You can do quite a bit more than just error-detection with hashes. One example is password verification. If I run a bank and you want to do online banking, it might be safer for me as the bank not to keep your password on file. That way it can't be stolen. But then how can I verify you have the right password when you type it in? Simple. When you set up your password, I compute its hash and keep that on file. Every subsequent time you long it, I take the password you give me, hash it, and check to see if it matches the original hash. That way I can check to see if you know your password without having to keep a permanent record of your password on my server.

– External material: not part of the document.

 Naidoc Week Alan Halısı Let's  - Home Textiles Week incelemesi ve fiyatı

You can also use hashes to assign ID numbers. You can use them to generate pseudo-random numbers. You can use them to efficiently address data in a computer memory system. There are many other applications. Most importantly, you can use them in cryptography. But cryptography means you might have intelligent, well-equipped adversaries trying to break your codes. For these applications, which will be tomorrow's subject, we can't just say "well, the output of our hash looks pretty random" and call it a day. Bad hash functions in cryptographic applications can compromise everything from e-commerce to national security, and this is why NIST has spent so much time and effort testing and publicly reviewing potential candidates for the next generation of cryptographic hash functions.
If you want to play around with some hashes yourself, there's many online calculators such as this one that you can use. Give it a try!

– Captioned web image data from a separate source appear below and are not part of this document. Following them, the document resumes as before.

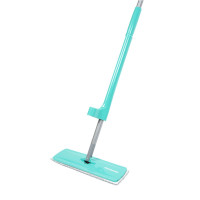  Hausmann Dry Hands Compact     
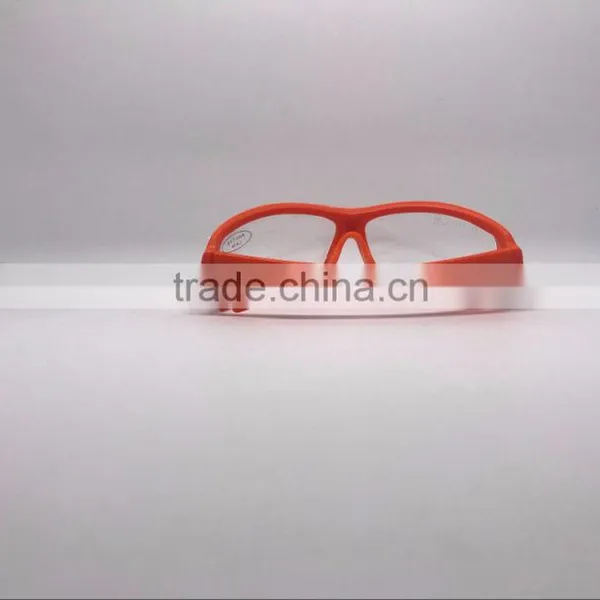 Adjustable UV Protective Safety Glasses Safety Goggles photo-4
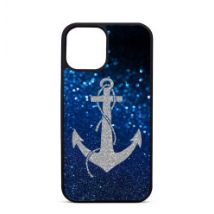 Back Cover Trop Saint for iPhone Design 113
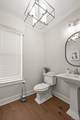 14305 Greenshire - Photo 48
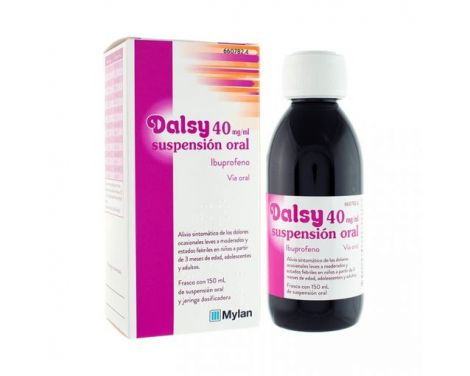 Dalsy-40-mgml-Suspensin-Oral-150-ml-0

[Note: hash outputs are almost always actually written in hexadecimal notation. The CRC-32 hash of my name would usually be written as a0635e9f, which is both more compact than the decimal form and easier for a computer to work with. I've also picked CRC-32 as my example because it's common and easy to work with. It's really an error-correction code rather than strictly a hash, but for non-cryptographic purposes it doesn't really matter.]